=== EXERCISE REQUIREMENTS ===
Leave out the pictures and retype exactly the lines from the line with "Cân điện tử" through the end of the listing below.

=== EXTRACTED ENTRIES ===
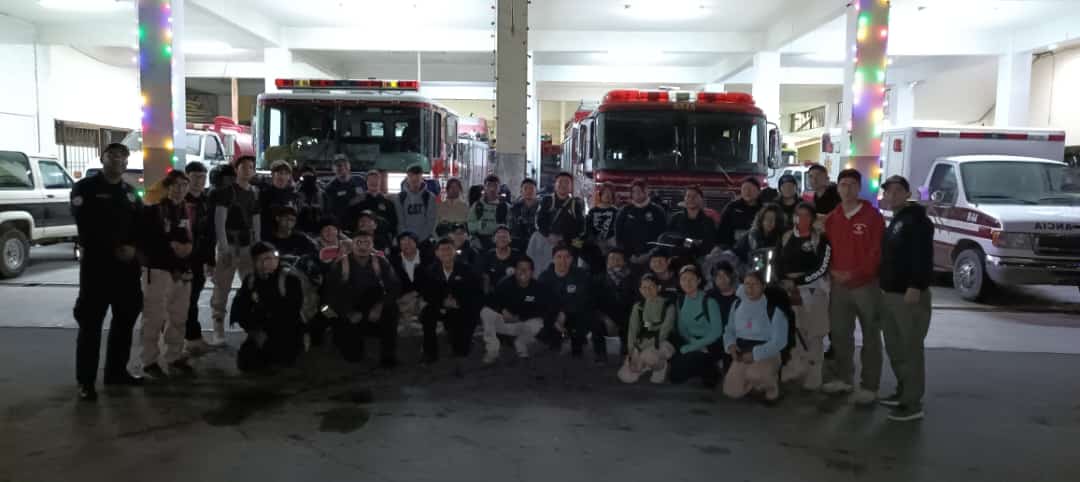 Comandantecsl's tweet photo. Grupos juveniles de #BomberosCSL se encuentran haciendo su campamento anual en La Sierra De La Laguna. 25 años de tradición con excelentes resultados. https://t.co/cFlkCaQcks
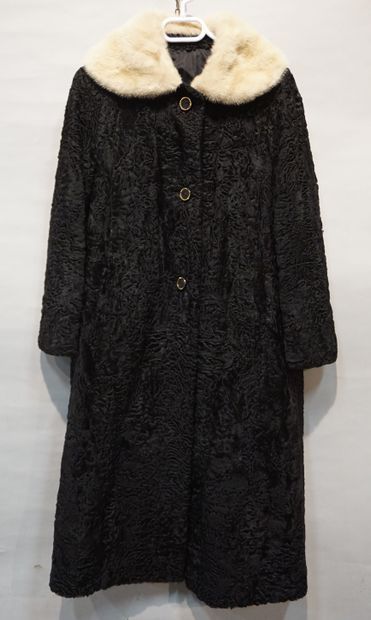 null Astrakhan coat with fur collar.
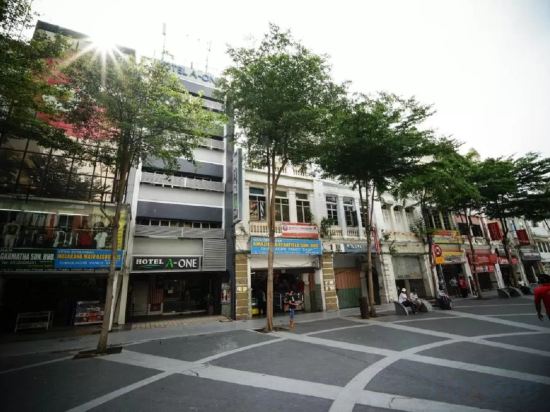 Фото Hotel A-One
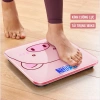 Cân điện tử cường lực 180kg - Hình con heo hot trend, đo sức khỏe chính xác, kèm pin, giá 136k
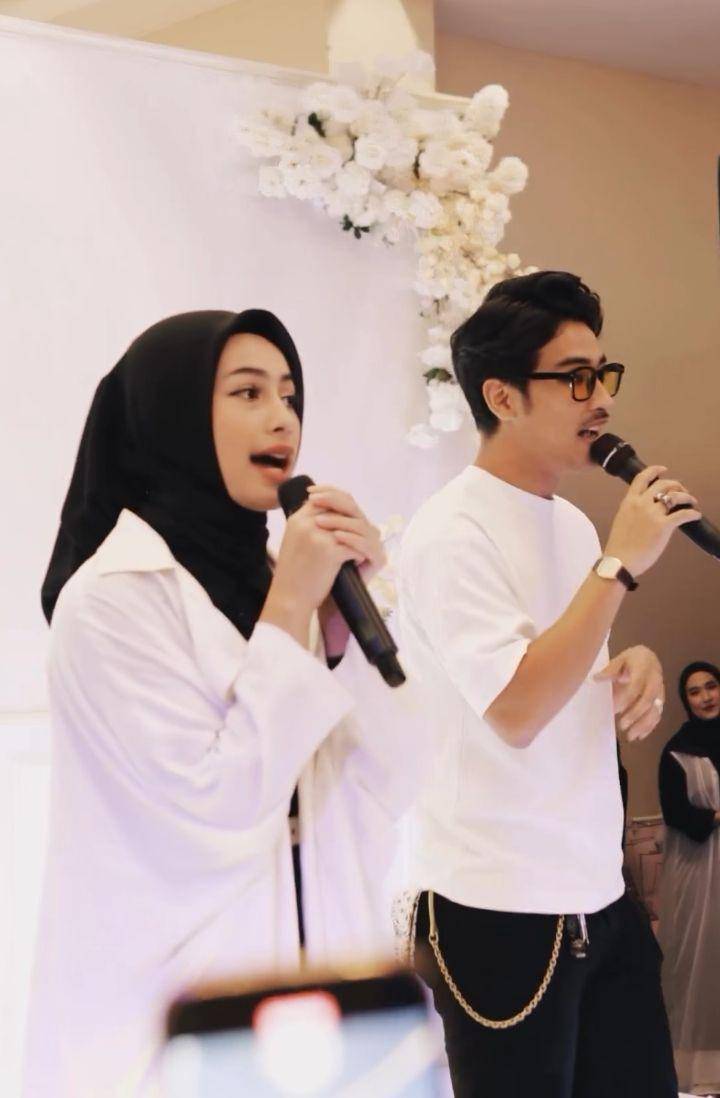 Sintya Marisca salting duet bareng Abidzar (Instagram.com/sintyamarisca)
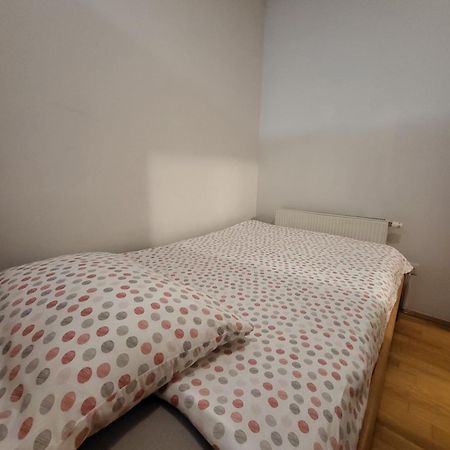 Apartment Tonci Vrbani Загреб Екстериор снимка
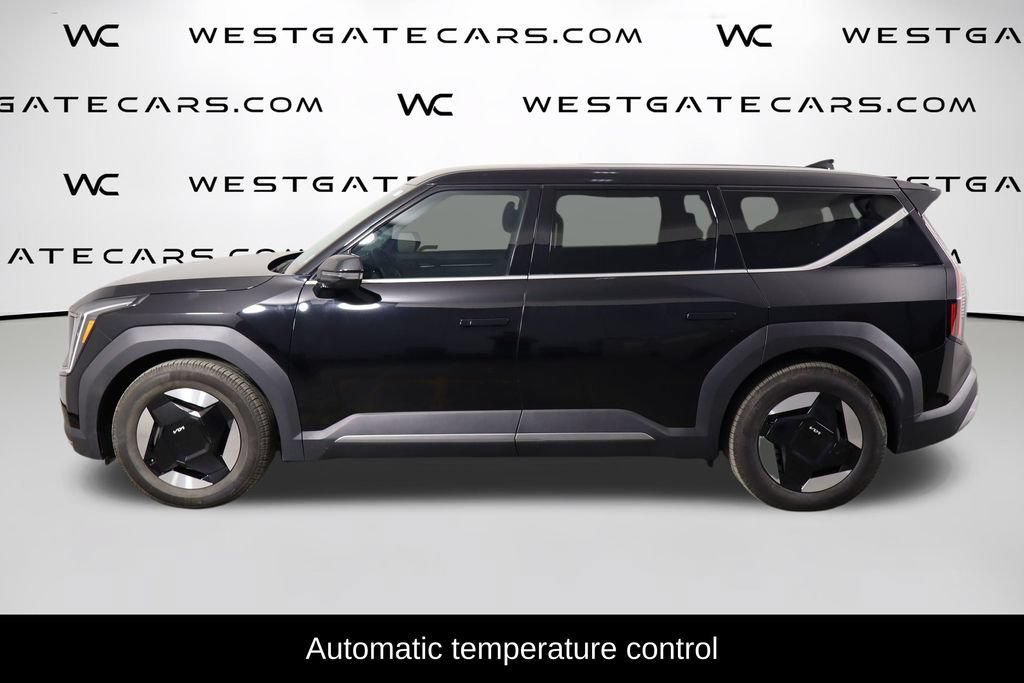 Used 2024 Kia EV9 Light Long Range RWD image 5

=== EXERCISE RESULT ===
 Cân điện tử cường lực 180kg - Hình con heo hot trend, đo sức khỏe chính xác, kèm pin, giá 136k
 Sintya Marisca salting duet bareng Abidzar (Instagram.com/sintyamarisca)
 Apartment Tonci Vrbani Загреб Екстериор снимка
 Used 2024 Kia EV9 Light Long Range RWD image 5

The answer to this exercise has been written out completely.